Dovrei raccontare poi della guerriglia social, successiva ad un post dell’agosto 2017, che ritraeva alcuni migranti mentre fanno il bagno in piscina, fra Don Biancalani e il Ministro dell’Interno Matteo Salvini.

Quest’ultimo augurava ai giovani “buon bagnetto”, e parlava di “tempi duri per il prete che ama circondarsi di clandestini africani”.

Don Biancalani, oggi, lo querela per diffamazione aggravata a mezzo stampa, calunnia e omissione in atti d’ufficio. Nel mezzo a ciò, dopo un controllo dei Vigili del Fuoco alla struttura di Vicofaro, le Autorità ne hanno disposto la chiusura “fino a quando la cucina e il locale caldaia non saranno adeguati alle norme di sicurezza”, c’è stato un ricorso al Tar e qualcosa sta cambiando. Questo, per sommi capi e senza inutili divagazioni, è il cosiddetto “Caso Biancalani”.

 

Ma…:

Il pomeriggio che incontriamo Don Biancalani piove molto, ed è umido.

Ci accoglie sotto il tendone del gazebo davanti alla canonica: nessuno si toglie il giubbotto. Parla lentamente, è affaticato: cita Paolo VI, “la politica come forma più alta di carità”, accenna qualcosa sulla madre sofferente, e su una riunione di docenti nella scuola superiore in cui insegna.

Sospira, si scusa per i ritardi e gli affanni.

Spaiate e disperse, vicino a noi, delle sagome esaurite: un ragazzo africano, scalzo, si fa la barba seduto davanti allo specchio, un uomo di mezza età presenta la nipote, occhi bassi e i capelli legati, e chiede se per caso le si potesse trovare un lavoro, “come badante andrebbe bene”, dice, “è una figliola in gamba e tanto onesta”. Un giovane con evidenti disturbi psichici parla da solo in una lingua che non so riconoscere e fa rimbalzare rumorosamente la palla per terra.
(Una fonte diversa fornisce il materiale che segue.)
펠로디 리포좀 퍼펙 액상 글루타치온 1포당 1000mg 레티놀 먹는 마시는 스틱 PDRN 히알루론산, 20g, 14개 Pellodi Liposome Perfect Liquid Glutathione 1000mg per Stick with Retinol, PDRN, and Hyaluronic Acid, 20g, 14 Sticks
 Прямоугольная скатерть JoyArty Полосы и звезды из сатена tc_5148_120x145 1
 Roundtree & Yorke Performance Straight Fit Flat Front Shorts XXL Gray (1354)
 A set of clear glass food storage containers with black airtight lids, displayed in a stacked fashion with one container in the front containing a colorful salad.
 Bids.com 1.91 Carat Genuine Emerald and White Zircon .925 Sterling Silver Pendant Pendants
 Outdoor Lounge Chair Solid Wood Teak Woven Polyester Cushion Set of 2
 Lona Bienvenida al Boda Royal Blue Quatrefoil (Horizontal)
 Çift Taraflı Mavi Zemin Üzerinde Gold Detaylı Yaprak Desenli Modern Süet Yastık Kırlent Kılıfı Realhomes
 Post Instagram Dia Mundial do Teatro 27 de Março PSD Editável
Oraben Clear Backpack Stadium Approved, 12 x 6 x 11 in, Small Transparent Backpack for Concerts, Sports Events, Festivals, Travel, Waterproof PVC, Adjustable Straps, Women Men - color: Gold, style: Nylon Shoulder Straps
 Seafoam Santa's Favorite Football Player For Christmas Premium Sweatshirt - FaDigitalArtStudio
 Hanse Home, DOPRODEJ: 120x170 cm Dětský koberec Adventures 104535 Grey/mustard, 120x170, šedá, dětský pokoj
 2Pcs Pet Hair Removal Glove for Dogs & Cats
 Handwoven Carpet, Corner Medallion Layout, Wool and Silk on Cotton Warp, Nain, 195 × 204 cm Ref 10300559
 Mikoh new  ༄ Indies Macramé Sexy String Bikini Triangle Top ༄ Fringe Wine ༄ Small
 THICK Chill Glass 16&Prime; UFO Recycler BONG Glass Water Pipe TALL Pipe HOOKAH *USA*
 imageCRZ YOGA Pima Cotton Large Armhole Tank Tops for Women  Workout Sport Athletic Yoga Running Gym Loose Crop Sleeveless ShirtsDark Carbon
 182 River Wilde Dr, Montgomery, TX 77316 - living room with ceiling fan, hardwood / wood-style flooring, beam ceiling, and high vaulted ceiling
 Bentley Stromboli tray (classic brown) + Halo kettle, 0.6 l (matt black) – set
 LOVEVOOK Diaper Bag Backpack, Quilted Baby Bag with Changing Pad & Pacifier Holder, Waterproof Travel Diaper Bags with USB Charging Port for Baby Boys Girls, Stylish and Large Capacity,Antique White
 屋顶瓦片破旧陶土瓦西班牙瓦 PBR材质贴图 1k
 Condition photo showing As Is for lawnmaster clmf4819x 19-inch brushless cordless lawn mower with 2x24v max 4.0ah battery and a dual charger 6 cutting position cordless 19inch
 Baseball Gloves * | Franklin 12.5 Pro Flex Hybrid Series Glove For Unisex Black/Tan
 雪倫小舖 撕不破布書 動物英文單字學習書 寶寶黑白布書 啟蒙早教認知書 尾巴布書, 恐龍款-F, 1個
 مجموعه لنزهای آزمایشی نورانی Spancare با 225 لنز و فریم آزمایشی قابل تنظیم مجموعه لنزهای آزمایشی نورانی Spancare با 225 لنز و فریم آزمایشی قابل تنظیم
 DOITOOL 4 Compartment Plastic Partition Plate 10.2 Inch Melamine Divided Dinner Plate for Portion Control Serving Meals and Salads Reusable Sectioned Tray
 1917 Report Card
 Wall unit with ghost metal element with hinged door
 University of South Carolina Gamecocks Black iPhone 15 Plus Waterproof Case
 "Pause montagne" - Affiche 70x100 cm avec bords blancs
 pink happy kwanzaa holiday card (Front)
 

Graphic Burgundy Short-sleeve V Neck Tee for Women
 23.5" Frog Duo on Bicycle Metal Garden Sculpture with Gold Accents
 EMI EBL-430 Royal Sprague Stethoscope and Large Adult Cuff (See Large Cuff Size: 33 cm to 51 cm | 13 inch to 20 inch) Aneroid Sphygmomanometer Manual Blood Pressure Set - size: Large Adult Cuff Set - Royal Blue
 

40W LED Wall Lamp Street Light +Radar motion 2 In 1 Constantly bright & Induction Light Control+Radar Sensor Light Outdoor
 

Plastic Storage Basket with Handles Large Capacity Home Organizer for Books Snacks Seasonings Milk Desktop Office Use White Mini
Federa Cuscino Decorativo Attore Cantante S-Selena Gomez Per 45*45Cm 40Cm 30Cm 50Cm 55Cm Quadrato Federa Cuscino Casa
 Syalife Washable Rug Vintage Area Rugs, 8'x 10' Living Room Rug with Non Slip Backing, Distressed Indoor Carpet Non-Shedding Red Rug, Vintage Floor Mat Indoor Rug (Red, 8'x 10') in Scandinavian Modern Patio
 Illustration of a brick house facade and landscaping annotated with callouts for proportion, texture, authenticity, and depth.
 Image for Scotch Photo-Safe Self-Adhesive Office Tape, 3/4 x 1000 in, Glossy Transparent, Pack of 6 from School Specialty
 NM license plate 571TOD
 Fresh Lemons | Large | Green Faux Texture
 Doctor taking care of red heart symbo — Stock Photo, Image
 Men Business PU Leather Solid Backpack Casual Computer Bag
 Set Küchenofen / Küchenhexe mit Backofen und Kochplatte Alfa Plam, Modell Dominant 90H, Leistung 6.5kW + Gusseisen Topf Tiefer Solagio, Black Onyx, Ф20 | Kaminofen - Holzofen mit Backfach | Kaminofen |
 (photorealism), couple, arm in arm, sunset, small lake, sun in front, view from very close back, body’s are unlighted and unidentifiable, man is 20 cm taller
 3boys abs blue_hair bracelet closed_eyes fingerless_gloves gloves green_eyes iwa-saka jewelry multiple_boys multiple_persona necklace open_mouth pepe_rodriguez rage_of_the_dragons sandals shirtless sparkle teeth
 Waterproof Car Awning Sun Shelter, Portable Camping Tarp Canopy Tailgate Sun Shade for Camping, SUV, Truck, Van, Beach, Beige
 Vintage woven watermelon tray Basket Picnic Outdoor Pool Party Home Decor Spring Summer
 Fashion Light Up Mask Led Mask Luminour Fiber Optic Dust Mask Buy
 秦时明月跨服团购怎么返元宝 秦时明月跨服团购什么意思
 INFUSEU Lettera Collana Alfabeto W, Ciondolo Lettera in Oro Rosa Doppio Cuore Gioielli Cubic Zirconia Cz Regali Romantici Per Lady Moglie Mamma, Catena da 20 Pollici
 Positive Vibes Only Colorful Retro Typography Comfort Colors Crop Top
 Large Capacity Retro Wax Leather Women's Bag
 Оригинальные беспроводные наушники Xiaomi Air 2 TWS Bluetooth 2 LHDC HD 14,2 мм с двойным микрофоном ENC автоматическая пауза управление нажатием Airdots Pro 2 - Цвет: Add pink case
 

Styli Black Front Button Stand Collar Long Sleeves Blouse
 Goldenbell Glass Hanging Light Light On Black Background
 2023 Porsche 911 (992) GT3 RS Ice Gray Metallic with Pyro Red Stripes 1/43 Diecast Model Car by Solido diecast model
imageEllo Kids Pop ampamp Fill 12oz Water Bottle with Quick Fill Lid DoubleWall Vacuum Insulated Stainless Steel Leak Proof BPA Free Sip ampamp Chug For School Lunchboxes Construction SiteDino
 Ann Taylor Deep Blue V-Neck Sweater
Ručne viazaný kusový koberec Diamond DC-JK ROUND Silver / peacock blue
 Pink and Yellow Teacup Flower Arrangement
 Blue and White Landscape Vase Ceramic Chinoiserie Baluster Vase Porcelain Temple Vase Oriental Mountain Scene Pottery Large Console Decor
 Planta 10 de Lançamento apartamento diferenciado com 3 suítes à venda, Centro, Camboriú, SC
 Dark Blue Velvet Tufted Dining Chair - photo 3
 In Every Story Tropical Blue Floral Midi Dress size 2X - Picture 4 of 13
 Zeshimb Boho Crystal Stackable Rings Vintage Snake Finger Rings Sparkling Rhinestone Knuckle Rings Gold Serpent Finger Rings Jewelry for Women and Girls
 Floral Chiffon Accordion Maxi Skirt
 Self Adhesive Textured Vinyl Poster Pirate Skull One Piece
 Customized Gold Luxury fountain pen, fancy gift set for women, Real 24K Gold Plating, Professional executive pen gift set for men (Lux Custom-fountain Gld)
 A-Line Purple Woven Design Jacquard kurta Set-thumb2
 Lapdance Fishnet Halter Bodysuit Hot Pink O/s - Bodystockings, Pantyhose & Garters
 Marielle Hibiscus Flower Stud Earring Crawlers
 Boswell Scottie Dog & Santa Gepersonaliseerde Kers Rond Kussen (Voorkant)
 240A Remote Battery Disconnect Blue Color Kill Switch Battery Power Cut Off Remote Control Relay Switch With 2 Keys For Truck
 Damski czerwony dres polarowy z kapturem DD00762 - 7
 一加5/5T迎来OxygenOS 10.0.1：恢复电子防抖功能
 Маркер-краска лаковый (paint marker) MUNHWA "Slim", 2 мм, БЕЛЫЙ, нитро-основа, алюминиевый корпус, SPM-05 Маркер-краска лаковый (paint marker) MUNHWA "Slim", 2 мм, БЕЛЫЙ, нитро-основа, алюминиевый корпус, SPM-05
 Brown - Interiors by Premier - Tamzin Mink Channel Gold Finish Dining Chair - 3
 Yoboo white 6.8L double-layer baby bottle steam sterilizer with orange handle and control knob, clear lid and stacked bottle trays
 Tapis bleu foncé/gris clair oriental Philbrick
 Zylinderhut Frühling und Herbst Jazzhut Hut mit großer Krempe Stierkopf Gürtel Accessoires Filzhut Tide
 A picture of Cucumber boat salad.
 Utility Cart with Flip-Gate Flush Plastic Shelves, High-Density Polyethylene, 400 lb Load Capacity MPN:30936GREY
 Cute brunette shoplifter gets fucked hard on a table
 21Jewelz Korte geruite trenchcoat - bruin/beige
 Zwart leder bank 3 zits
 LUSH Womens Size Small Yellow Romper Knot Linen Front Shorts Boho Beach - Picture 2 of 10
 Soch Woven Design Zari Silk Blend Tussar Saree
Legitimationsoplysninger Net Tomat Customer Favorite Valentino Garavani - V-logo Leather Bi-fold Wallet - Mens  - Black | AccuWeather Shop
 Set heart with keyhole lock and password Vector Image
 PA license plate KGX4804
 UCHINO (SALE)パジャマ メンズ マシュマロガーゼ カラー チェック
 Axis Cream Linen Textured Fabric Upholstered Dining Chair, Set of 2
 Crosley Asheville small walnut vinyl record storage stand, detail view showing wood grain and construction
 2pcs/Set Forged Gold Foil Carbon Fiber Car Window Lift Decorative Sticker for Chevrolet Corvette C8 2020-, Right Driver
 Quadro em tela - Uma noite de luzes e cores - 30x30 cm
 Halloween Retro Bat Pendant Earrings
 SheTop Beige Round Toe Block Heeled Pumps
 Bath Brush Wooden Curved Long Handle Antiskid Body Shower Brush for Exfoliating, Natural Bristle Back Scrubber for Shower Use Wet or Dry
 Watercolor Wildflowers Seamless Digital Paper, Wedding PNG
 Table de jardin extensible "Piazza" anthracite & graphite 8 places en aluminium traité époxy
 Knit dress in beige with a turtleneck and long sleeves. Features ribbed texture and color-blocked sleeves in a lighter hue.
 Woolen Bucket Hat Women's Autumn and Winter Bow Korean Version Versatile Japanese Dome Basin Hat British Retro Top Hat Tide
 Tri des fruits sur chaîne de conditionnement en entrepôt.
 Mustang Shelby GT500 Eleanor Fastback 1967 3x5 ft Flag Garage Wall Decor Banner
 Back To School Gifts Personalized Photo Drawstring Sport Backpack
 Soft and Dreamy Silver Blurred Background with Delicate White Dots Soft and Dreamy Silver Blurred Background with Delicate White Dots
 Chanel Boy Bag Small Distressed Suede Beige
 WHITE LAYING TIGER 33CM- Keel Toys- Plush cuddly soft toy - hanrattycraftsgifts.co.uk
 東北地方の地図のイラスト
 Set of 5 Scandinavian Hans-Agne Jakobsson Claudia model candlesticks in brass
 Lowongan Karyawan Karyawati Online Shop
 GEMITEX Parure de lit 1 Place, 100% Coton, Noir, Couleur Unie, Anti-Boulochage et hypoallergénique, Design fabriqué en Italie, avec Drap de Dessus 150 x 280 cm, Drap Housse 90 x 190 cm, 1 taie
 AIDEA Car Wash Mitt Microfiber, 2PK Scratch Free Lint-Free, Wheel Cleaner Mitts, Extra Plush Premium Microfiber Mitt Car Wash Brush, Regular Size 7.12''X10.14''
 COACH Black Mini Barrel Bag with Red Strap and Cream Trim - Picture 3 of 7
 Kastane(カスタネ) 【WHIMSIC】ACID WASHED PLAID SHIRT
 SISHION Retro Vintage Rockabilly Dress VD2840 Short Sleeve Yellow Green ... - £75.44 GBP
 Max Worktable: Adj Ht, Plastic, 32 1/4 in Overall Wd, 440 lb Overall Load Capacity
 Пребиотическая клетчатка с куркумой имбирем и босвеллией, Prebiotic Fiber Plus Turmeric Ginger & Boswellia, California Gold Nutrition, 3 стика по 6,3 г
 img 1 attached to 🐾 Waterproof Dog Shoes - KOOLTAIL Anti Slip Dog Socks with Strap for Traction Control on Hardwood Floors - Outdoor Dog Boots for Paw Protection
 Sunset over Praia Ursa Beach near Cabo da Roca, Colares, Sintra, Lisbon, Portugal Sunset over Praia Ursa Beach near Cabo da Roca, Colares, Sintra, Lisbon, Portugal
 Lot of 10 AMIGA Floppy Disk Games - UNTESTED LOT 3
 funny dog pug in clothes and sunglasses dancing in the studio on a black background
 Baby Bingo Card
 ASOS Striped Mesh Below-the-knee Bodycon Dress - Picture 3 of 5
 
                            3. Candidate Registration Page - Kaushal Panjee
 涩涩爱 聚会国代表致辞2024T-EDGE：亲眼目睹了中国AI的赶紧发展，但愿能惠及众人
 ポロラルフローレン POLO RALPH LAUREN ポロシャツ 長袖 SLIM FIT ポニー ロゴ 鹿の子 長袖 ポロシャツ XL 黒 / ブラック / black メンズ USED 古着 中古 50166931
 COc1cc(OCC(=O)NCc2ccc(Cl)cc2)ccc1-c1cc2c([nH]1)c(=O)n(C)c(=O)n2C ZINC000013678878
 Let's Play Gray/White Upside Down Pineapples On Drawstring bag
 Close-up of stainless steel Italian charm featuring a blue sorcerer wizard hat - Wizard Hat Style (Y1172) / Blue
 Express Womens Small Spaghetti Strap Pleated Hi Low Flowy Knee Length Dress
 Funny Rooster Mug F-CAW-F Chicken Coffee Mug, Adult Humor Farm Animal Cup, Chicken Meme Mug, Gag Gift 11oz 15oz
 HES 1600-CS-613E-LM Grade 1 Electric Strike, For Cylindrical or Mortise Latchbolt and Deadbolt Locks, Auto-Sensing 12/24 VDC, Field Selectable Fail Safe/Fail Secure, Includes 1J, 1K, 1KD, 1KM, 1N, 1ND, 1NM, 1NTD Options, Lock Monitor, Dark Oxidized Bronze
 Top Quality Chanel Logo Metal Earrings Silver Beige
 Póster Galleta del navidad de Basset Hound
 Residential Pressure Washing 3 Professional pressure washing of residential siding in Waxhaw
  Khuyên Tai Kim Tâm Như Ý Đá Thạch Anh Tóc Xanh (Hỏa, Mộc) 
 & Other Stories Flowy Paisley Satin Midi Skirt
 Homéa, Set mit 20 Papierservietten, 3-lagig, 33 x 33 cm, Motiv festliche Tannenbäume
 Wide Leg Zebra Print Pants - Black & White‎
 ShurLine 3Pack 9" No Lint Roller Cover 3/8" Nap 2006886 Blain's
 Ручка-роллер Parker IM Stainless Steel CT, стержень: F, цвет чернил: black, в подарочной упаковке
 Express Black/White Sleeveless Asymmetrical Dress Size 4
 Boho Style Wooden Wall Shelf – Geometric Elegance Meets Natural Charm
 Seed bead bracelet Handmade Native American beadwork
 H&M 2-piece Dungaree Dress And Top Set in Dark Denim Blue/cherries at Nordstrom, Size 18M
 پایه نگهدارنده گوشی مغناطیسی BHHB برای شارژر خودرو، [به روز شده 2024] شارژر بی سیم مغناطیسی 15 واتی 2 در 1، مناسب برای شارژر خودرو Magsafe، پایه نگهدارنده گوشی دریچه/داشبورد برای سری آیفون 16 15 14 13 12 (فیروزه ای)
Dignità sbrigative, urgenze, bestiari.

E poi biciclette arrugginite, stendardi della pace, piumini sintetici, dietro ai sospiri di Don Biancalani, che srotola fiacco la sua verità, un po’ a casaccio, la butta lì come i materassi che stanno nell’atrio della chiesa, quella dove, come cantava Carmen Consoli in una tristissima canzone di un tristissimo album di qualche anno fa, Cristo in croce sembrava più infastidito dalle infamie che dai chiodi”.

Se credergli o no, pensateci alla svelta: a volte abbiamo una scelta sola, travestita da molte.